RECORDS FOR PROCESSING:
>>>
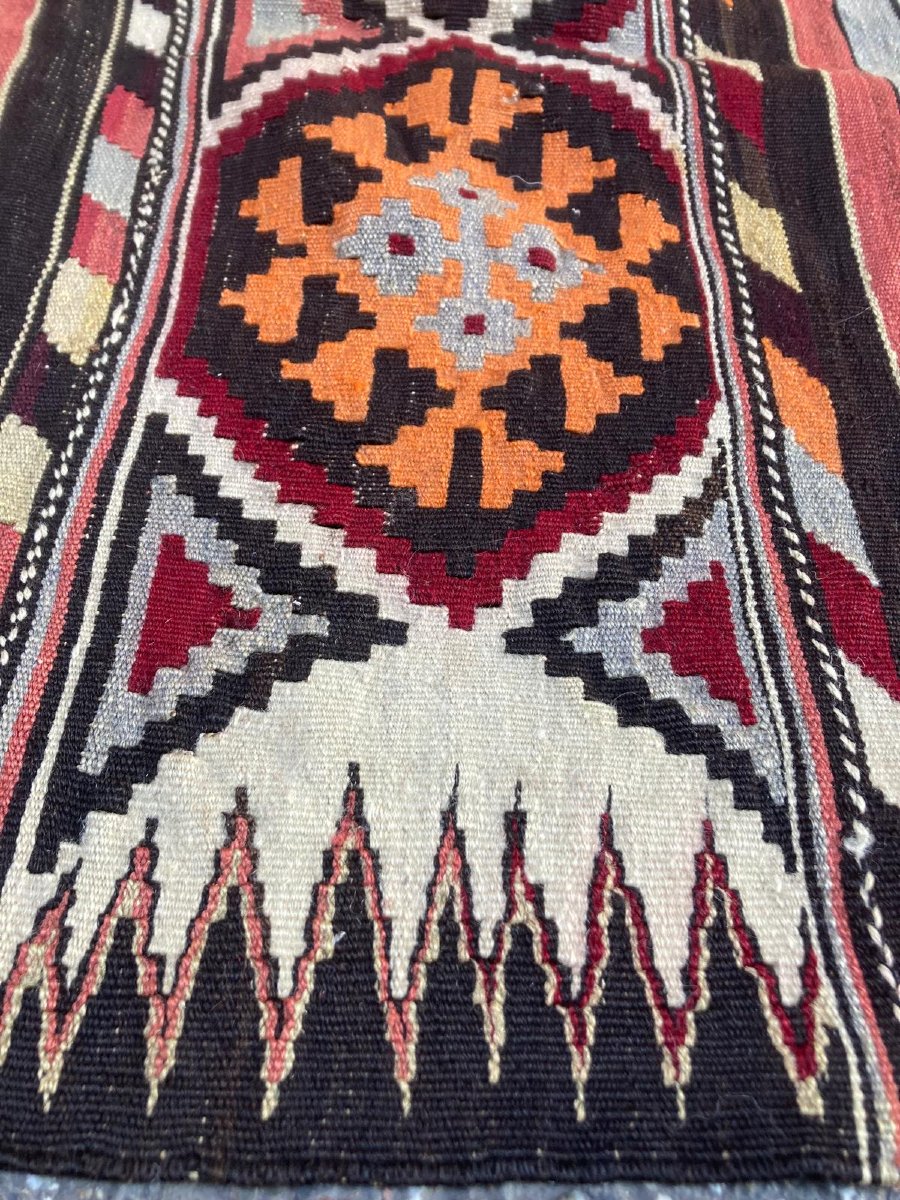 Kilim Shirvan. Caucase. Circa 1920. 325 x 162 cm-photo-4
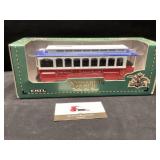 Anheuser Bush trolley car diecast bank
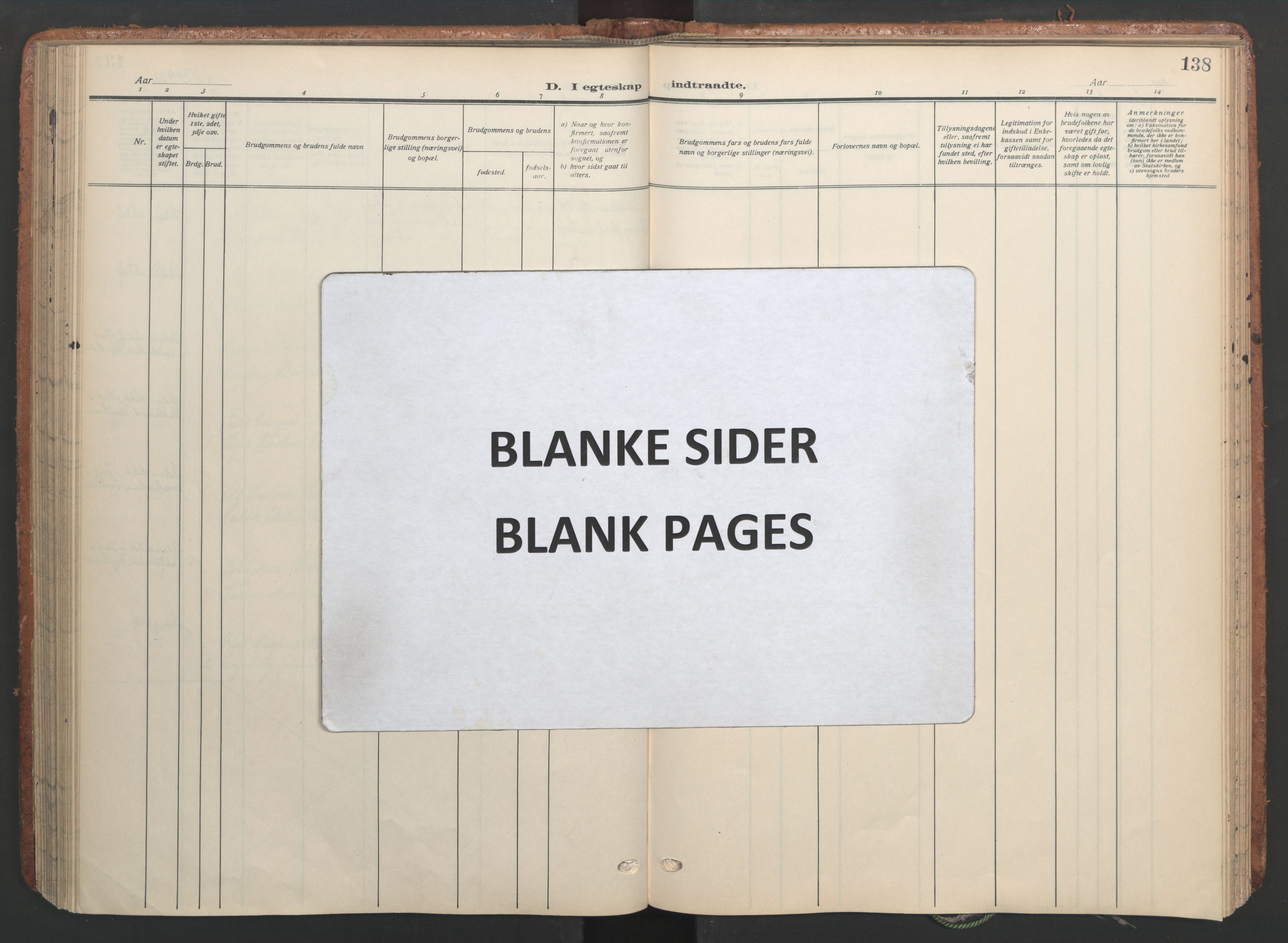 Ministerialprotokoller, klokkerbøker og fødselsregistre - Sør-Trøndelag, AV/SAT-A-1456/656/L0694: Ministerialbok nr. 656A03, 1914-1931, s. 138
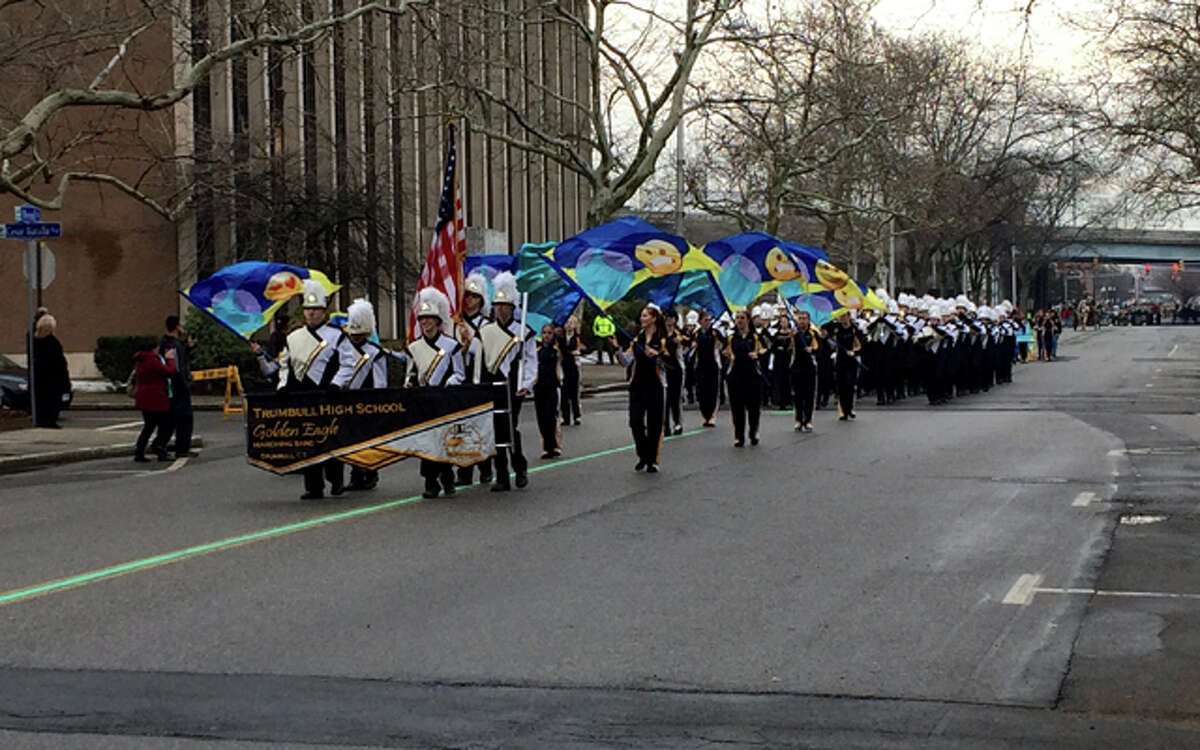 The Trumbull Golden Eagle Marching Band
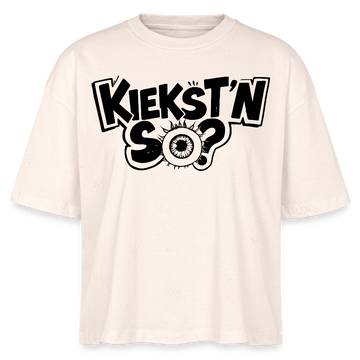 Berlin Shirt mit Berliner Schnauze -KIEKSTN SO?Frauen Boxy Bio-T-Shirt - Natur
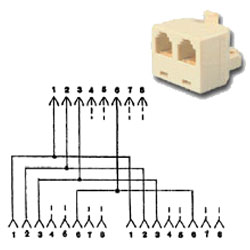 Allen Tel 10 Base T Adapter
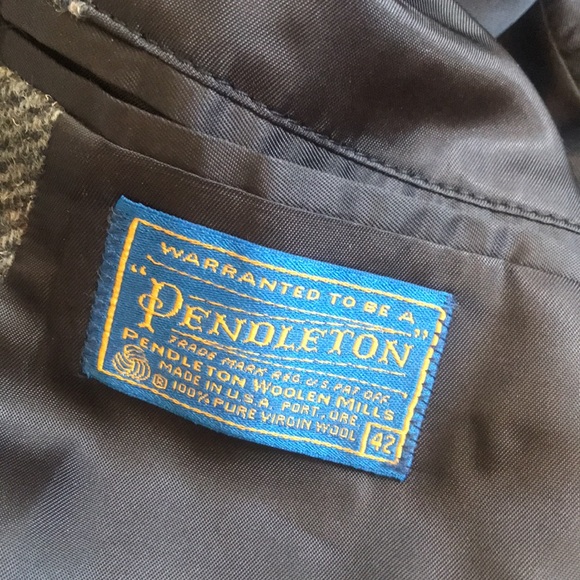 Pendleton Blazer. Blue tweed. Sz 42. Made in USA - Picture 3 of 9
<<<
ABOUT THIS EXERCISE: Copy out all the data above exactly as written. Skip the pictures.

OUTPUT FOR THIS TASK:
 Kilim Shirvan. Caucase. Circa 1920. 325 x 162 cm-photo-4
 Anheuser Bush trolley car diecast bank
 Ministerialprotokoller, klokkerbøker og fødselsregistre - Sør-Trøndelag, AV/SAT-A-1456/656/L0694: Ministerialbok nr. 656A03, 1914-1931, s. 138
 The Trumbull Golden Eagle Marching Band
 Berlin Shirt mit Berliner Schnauze -KIEKSTN SO?Frauen Boxy Bio-T-Shirt - Natur
 Allen Tel 10 Base T Adapter
 Pendleton Blazer. Blue tweed. Sz 42. Made in USA - Picture 3 of 9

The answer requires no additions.